(1.) In this appeal u/S. 173, Motor Vehicles Act, 1988, for short, the Act, the Award passed by Claims Tribunal under S. 140 is challenged by the Insurer on a short ground. The question is, if it was incumbent on the said Tribunal to apportion or "specify" in the impugned award the "no fault liability" arising out of accident in which two motor vehicles were used so that the entire amount is not required to be paid by the Insurer who is required to discharge that liability of owner of one of the vehicles only.
(2.) When the appeal came up for admission, I entertained doubt if it could be admitted as the appellant is required as per S. 173 to make deposit of Rs. 25,000/ - or 50% of the amount awarded, whichever is less. In the instant case, claimant/respondent No. 1 has been awarded Rs. 7,500/-. Although my attention was drawn to this Court's decision in Jaswant Rao v. Kamlabai, AIR 1990 Madh Pra 354, rendered at the Indore Bench and it was pointed out that the impugned award being passed on 10-1-1989, no deposit need be made as the new Act came into force only from 1-7-1989, I failed to persuade myself to accept the law laid down to be correct. Happily, appellant having duly deposited Rs. 3,750/-, being 50% of the amount of the award, I am relieved of the anxiety. Otherwise, it might have been necessary for me to make a reference to Full Bench for reconsideration of the law laid down in the D.B. decision in aforesaid Jaswant Rao's case (AIR 1990 Madh Pra 354). I may, however, still observe that inspiration for that decision came from a chain of other decisions of this Court on the scope of S. 6, General Clauses Act, 1897 (referred in S. 217(4) of the Act). But, all those decisions have been overruled recently in Babulal's case AIR 1990 Madh Pra 317 (FB).

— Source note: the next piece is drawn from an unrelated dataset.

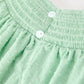 Christmas Mint Green Smocked Santa Girls Puff Sleeve Dress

(3.) On facts, it is undisputed that two vehicles were involved in the accident and the claimant who sustained injury and has got an interim award for that, was travelling in bus No. C.P.H. 8440, owned by respondent No. 3, Madhya Pradesh State Road Transport Corporation, for short, the "Corporation". The bus collided with truck bearing registration No. CIW 7432 owned by respondent No. 2, but the truck is admittedly insured with the appellant. Shri Johri, appellant's counsel, contended that case of collision prima facie made it a case of contributory negligence of the vehicles involved in the accident and that had to be determined by the Tribunal when passing award finally u/S.168 of the Act. Still, even at the stage of making interim award u/S. 140, the Tribunal was not excused of its duty to apportion "no fault liability" between the owners of the two vehicles involved in the accident and that duty was ingrained in the provision under which the award was passed and that the expression used in S.140(1), "jointly and severally" explicitly referred to that duty.